Consideirng a DataFrame
using DataFrames
using Random: randstring
M = 100_000_000
str_base = [randstring(8) for i in 1:1_000_000]
df = DataFrame(int = rand(Int32, M), float=rand(M), str = rand(str_base, M))
@time sort!(df, :int); 
# 80s on my machine
@time sort!(df, :str); 
# 170son my machine
using CSV
CSV.write("tmp.csv", df)
The same operation using R’s data.table is like 3s
library(data.table)
df = fread("tmp.csv")
setkey(df, "int") 
# 3s 
setkey(df, "str") 
# 25s 
So based on this the performance of data.table is still much better.
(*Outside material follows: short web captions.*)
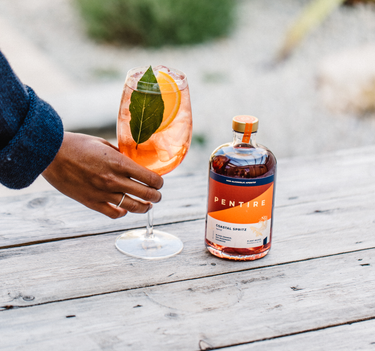 OpenGraph image for pentiredrinks.com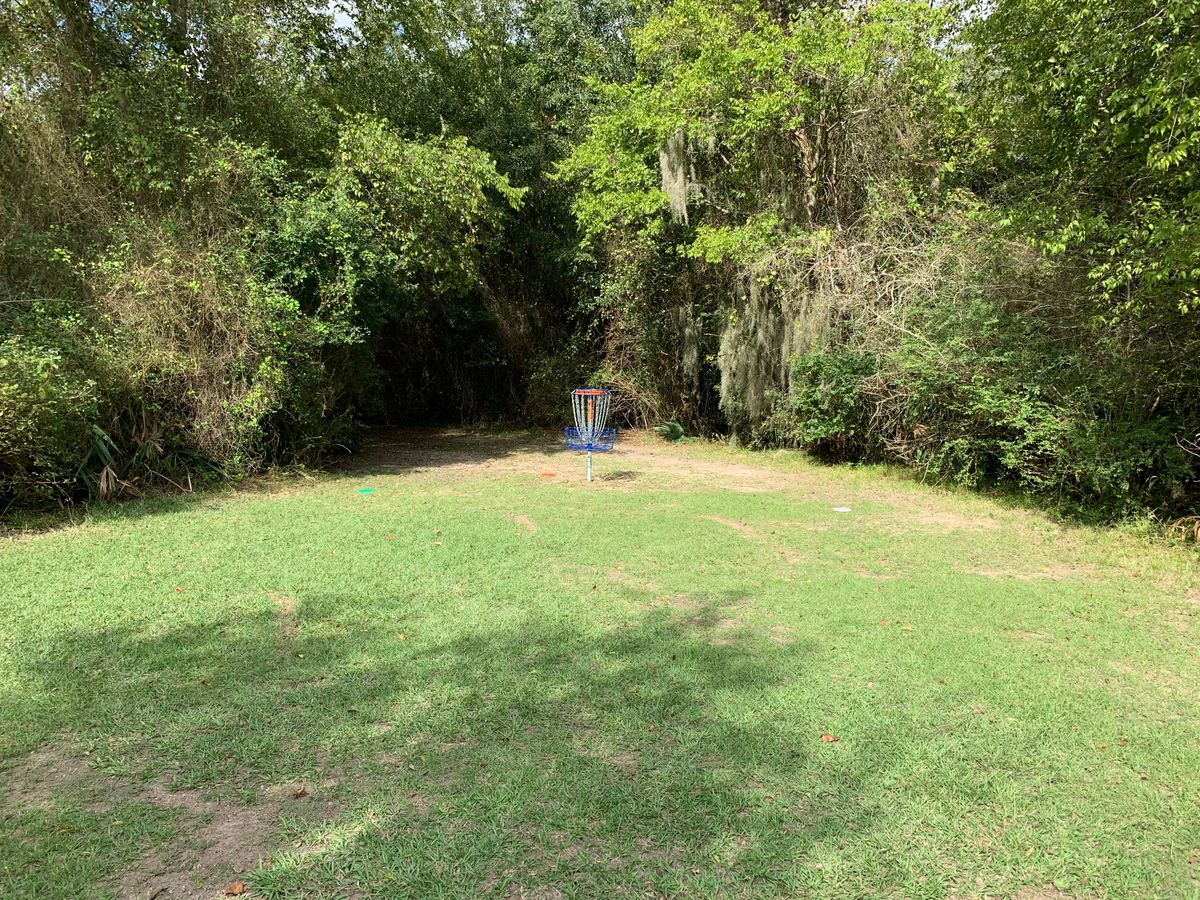 Basket on Hole 5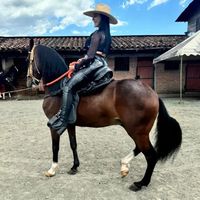 paulaandrea292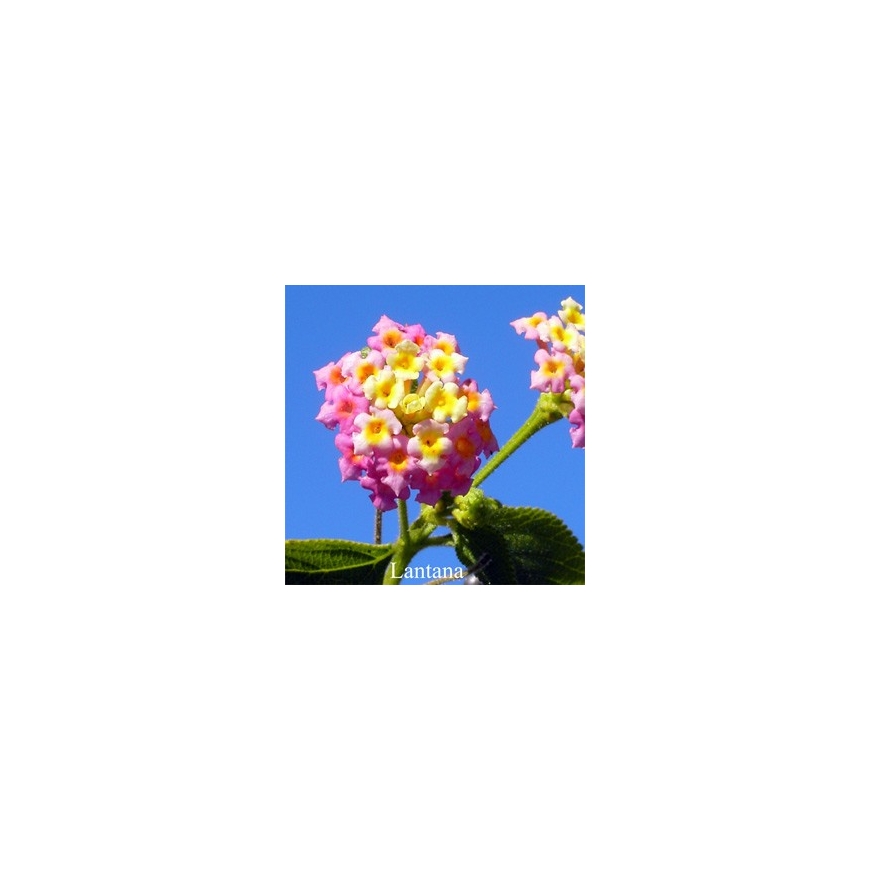 Lantana Buschblüten Australian Flower Essences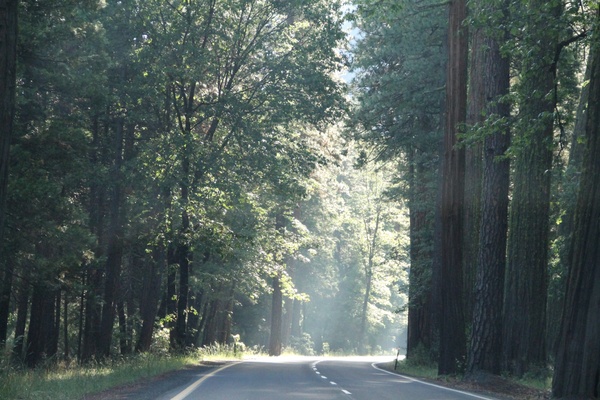 road through trees in the forest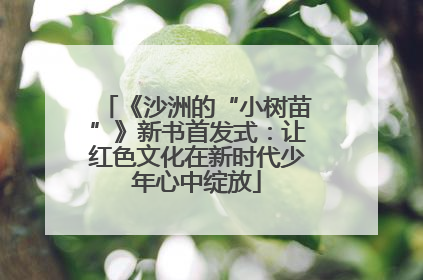 《沙洲的“小树苗”》新书首发式：让红色文化在新时代少年心中绽放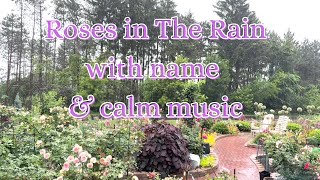 Rose Garden Tour  A Peaceful Rainy Day in the Rose Garden dreamrosegarden4094 Wisconsin Zone5B [upl. by Schalles726]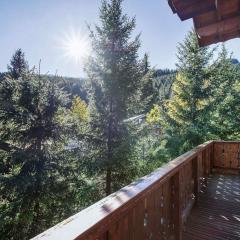 Chalet savoyard près des pistes, 13 personnes, Parking, Wifi - FR-1-568-59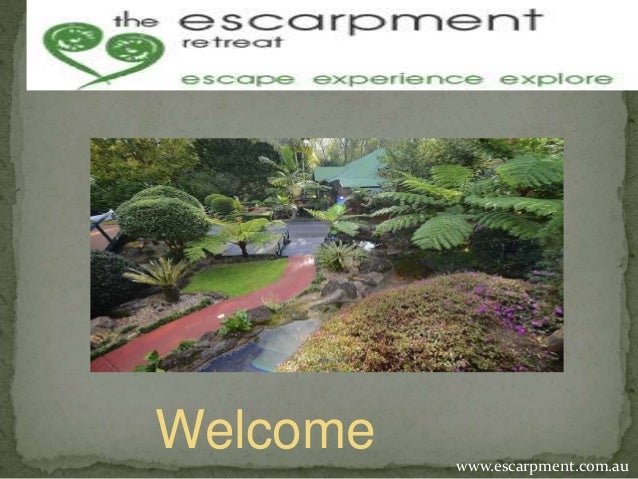 Accommodation Mt Tamborine Cottages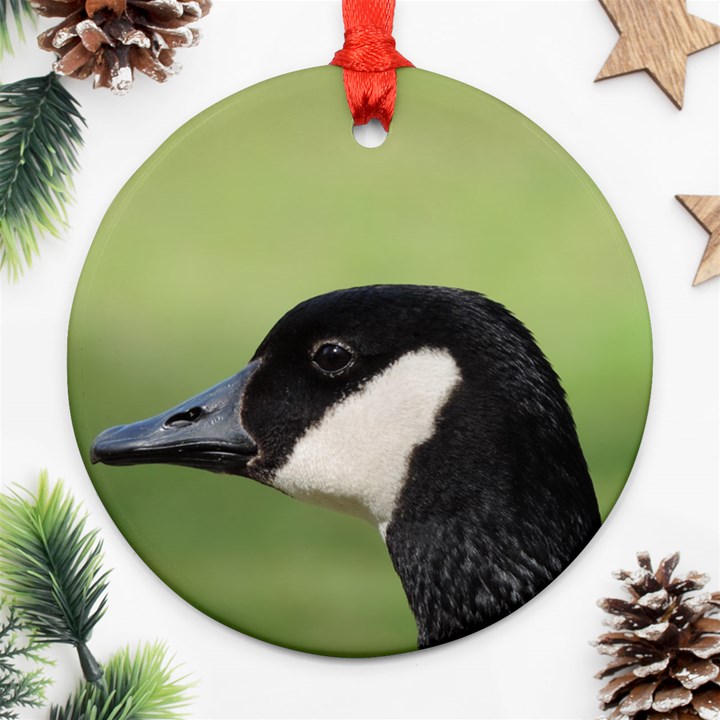 Goose bird in nature Round Ornament (Two Sides) 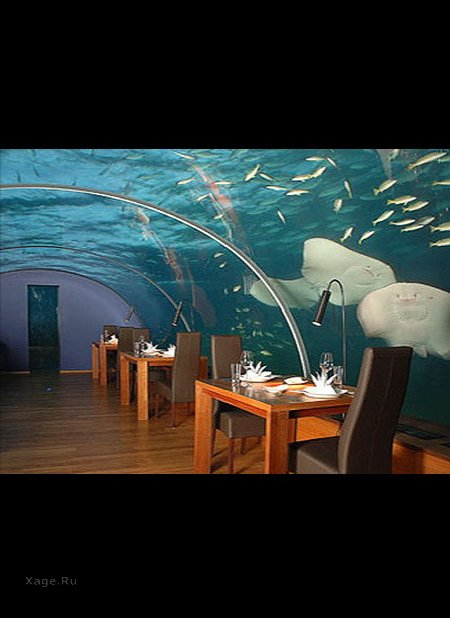 Первый подводный ресторан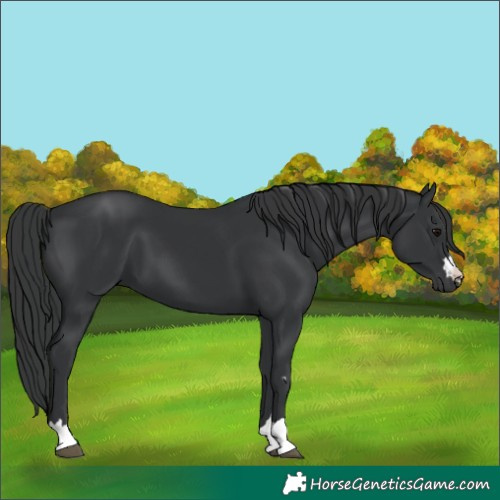 Horse Color:Black 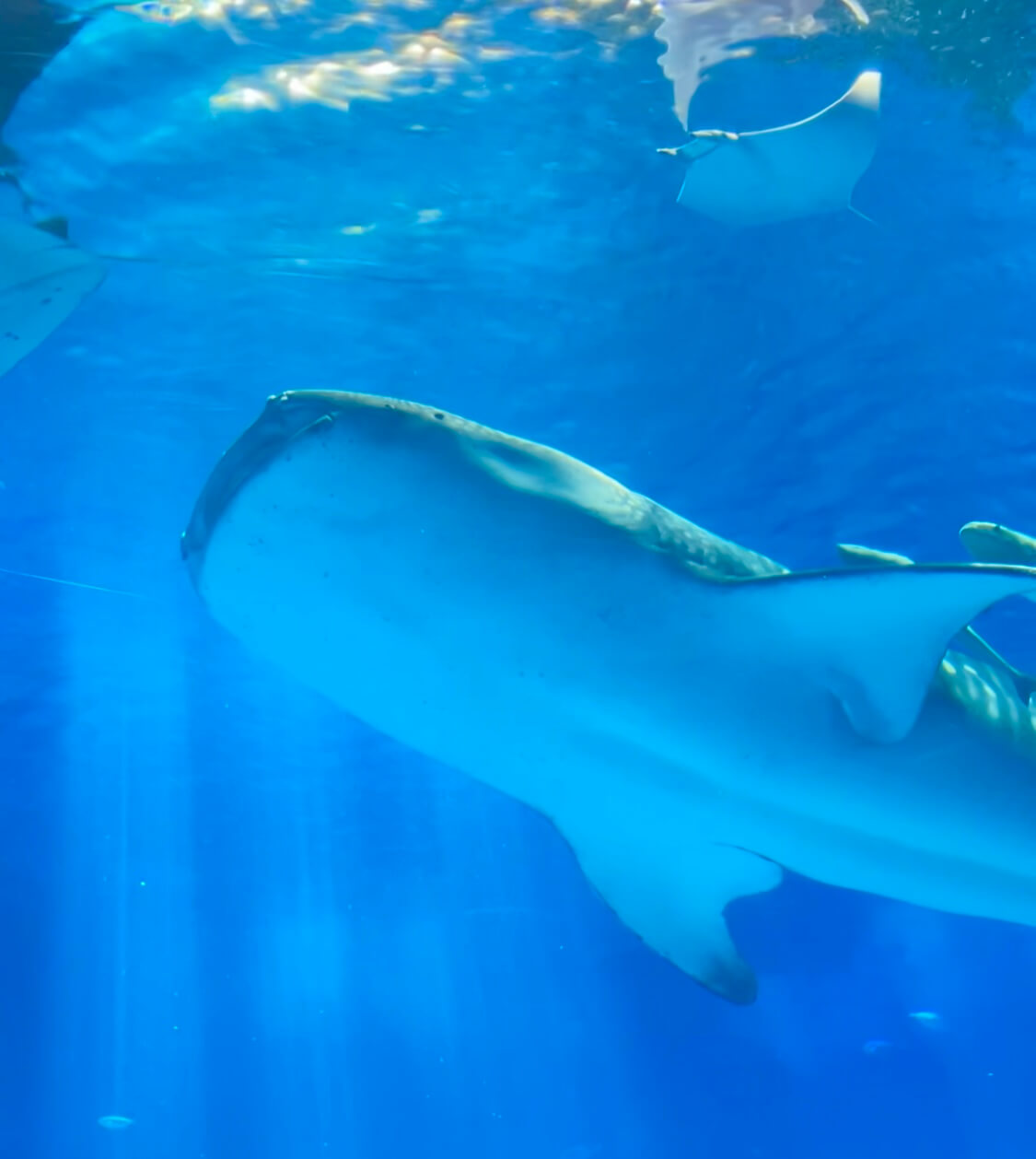 美ら海水族館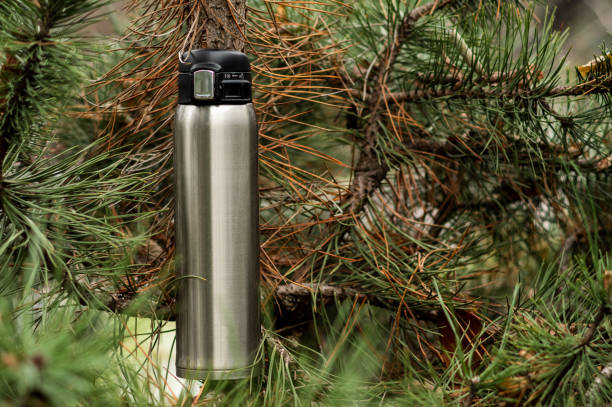 istock Thermo bottle for hot and cold drinks. Thermos for tea and coffee. Spruce tree. 1296511792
Now the sort! algorithm is really simple which I can replicate here
]add https://github.com/xiaodaigh/SortingLab.jl
using SortingLab
using Base.Threads: @spawn
function another_sort!(df, col)
    @time ordering = fsortperm(df[!, col])
    channel_lock = Channel{Bool}(length(names(df)))
    for c in names(df)
        @spawn begin
            v = df[!, c]
            @inbounds v = v[ordering]
            put!(channel_lock, true)
        end
    end
    for _ in names(df)
        take!(channel_lock)
    end
    df
end
@time another_sort!(df, :int); # sortperm is 10s total 12s~18s
@time another_sort!(df, :str); # sortperm is 10s total 12s~18s
You can see that (f)sortperm takes 10s. So using a more optimise sortperm like SortingLab.fsortperm can get much better results already.
The solution seems to be about finding a more efficient sortperm. For a start, perhaps adapting SortingLab.fsortperm would be a good start.